Open the app and point your phone’s camera at a friend, and Seeing AI will tell you who you’re looking at and the expression on their face. Point it at a can of soup in the grocery store, and it will read off the brand as well as the directions. The app can also translate printed text to speech, whether it’s on a paper or a label on a door. It can even tell dollar bills apart from one and another.
Seeing AI isn’t only intended for your phone’s camera, either. You can import images to the app through iOS’ share menu, and it will describe the picture and read text if any is contained.

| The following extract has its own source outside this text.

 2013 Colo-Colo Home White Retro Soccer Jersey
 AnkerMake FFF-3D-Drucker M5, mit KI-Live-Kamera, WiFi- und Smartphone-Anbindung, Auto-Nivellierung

The app sports a few experimental features as well, though they require you to have a data connection to function. There’s a “scene” mode, which will literally describe your environment, rather than simply reading text. Another mode can decipher and read out handwriting.
One of the more impressive aspects of Seeing AI is that everything the app can do — outside of those last two features — is handled locally on the device. Most of the time, you’ll never need the cloud’s help to use Seeing AI, which is a massive benefit. Everyone expects to be able to connect to the internet wherever they go, but the reality is much spottier — so it’s reassuring to know Microsoft has planned for the inevitable.
Microsoft’s latest project comes at an interesting time for the company, just a day after it ended support for its Windows Phone 8.1 operating system. While Microsoft may have struggled in building its own mobile devices, it’s currently producing some of its most interesting, unique, and helpful apps for other platforms.
Seeing AI is debuting on iOS, and can be downloaded for free. Microsoft has not disclosed when or if Android users can expect the app.